The answer must give back every line of the data exactly, with no pictures.

**MATERIAL FOR THIS EXERCISE:**
----------------
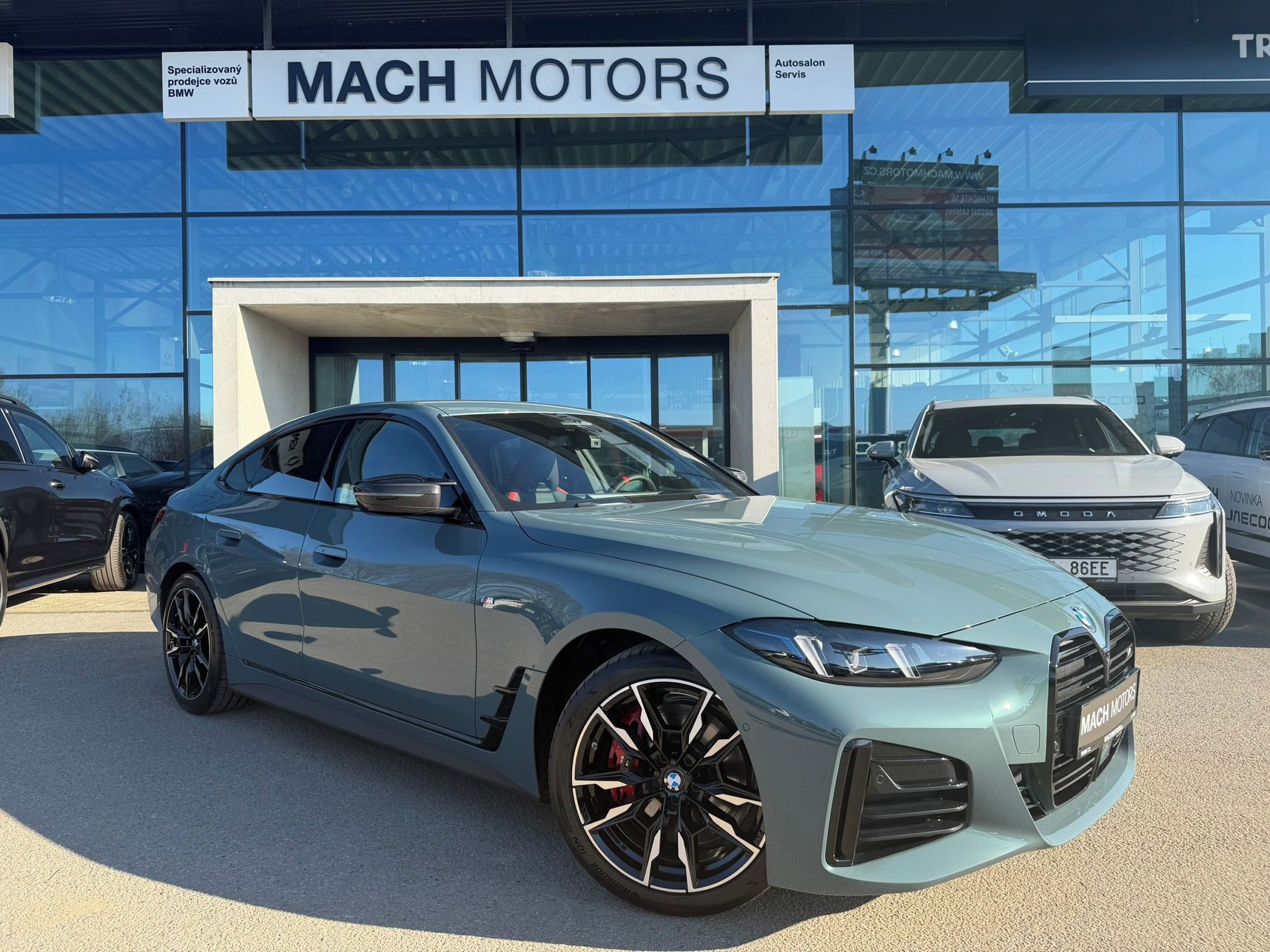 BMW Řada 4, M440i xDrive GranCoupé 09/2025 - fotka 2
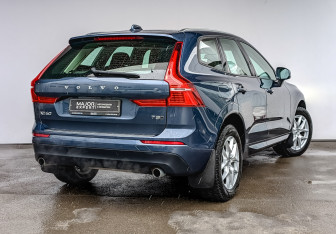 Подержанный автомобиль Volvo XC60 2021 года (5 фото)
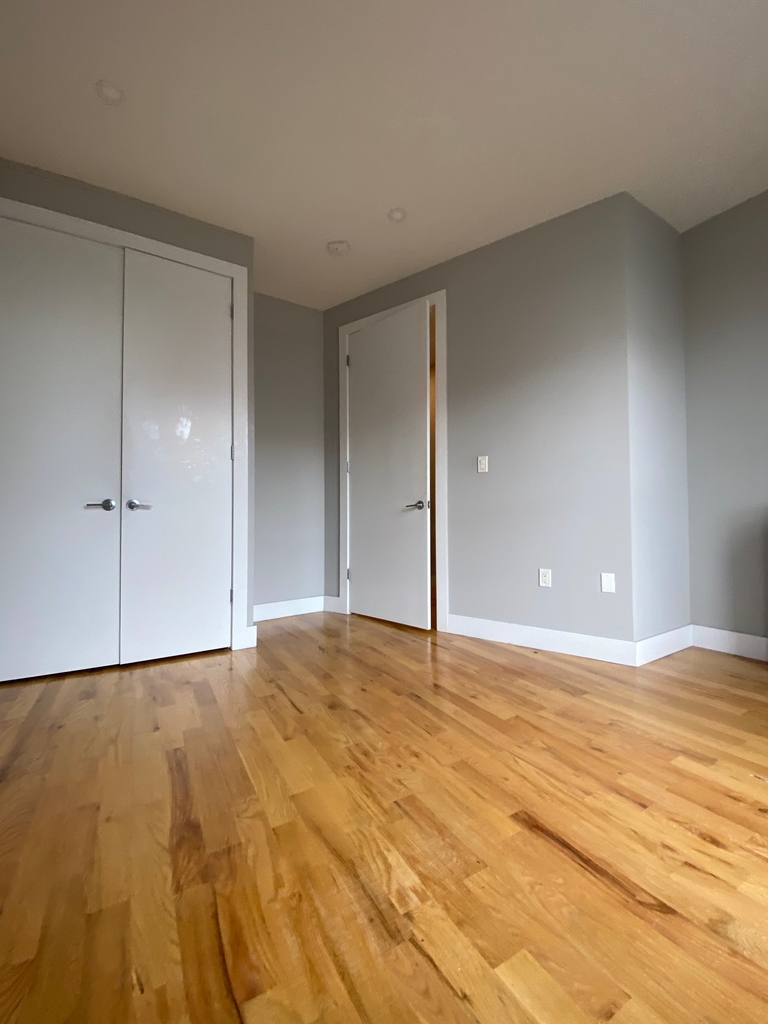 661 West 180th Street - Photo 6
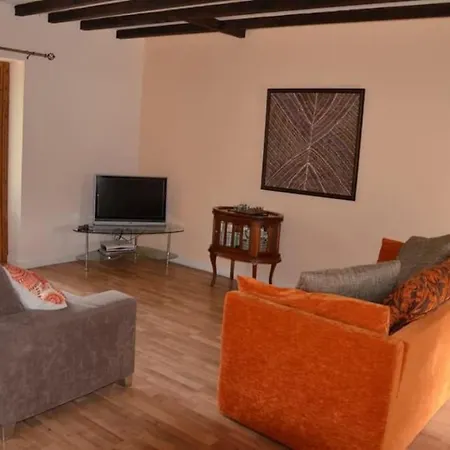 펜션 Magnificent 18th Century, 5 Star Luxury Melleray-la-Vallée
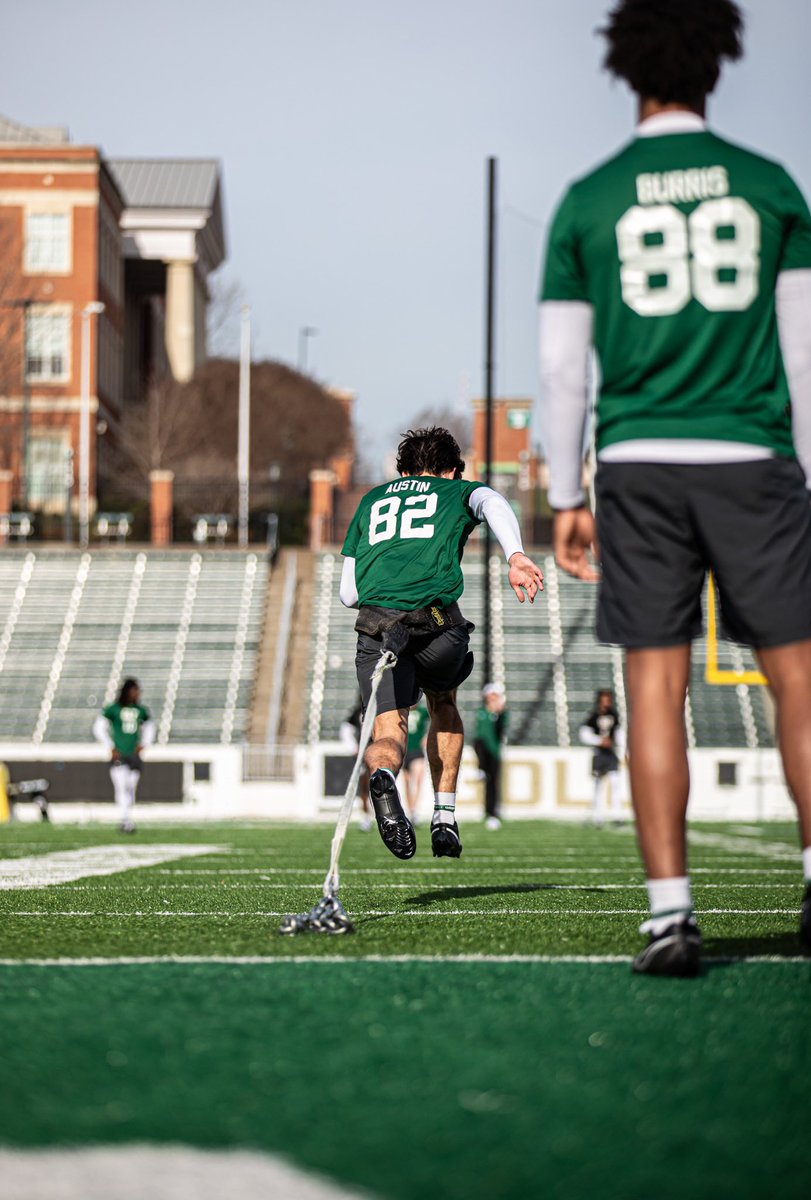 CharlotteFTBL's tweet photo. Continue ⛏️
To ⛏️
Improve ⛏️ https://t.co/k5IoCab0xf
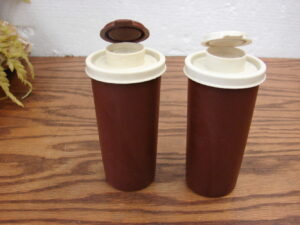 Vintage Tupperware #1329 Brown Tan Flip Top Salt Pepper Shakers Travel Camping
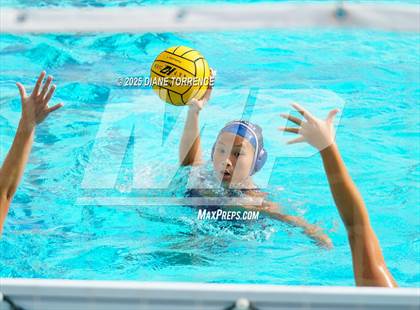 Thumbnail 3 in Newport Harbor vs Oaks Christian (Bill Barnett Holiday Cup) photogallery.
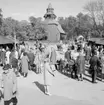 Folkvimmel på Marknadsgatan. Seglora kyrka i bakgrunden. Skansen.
----------------
**TASK RESULT:**
 BMW Řada 4, M440i xDrive GranCoupé 09/2025 - fotka 2
 Подержанный автомобиль Volvo XC60 2021 года (5 фото)
 661 West 180th Street - Photo 6
 펜션 Magnificent 18th Century, 5 Star Luxury Melleray-la-Vallée
 CharlotteFTBL's tweet photo. Continue ⛏️
To ⛏️
Improve ⛏️ https://t.co/k5IoCab0xf
 Vintage Tupperware #1329 Brown Tan Flip Top Salt Pepper Shakers Travel Camping
 Thumbnail 3 in Newport Harbor vs Oaks Christian (Bill Barnett Holiday Cup) photogallery.
 Folkvimmel på Marknadsgatan. Seglora kyrka i bakgrunden. Skansen.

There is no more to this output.